**Problem requirements**: What follows is a listing; give it again exactly, in its entirety.

**Data extract**:

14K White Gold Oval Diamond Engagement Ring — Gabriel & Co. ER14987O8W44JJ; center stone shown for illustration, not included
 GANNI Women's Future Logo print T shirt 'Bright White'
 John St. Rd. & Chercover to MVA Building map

**Expected answer**:
14K White Gold Oval Diamond Engagement Ring — Gabriel & Co. ER14987O8W44JJ; center stone shown for illustration, not included
 GANNI Women's Future Logo print T shirt 'Bright White'
 John St. Rd. & Chercover to MVA Building map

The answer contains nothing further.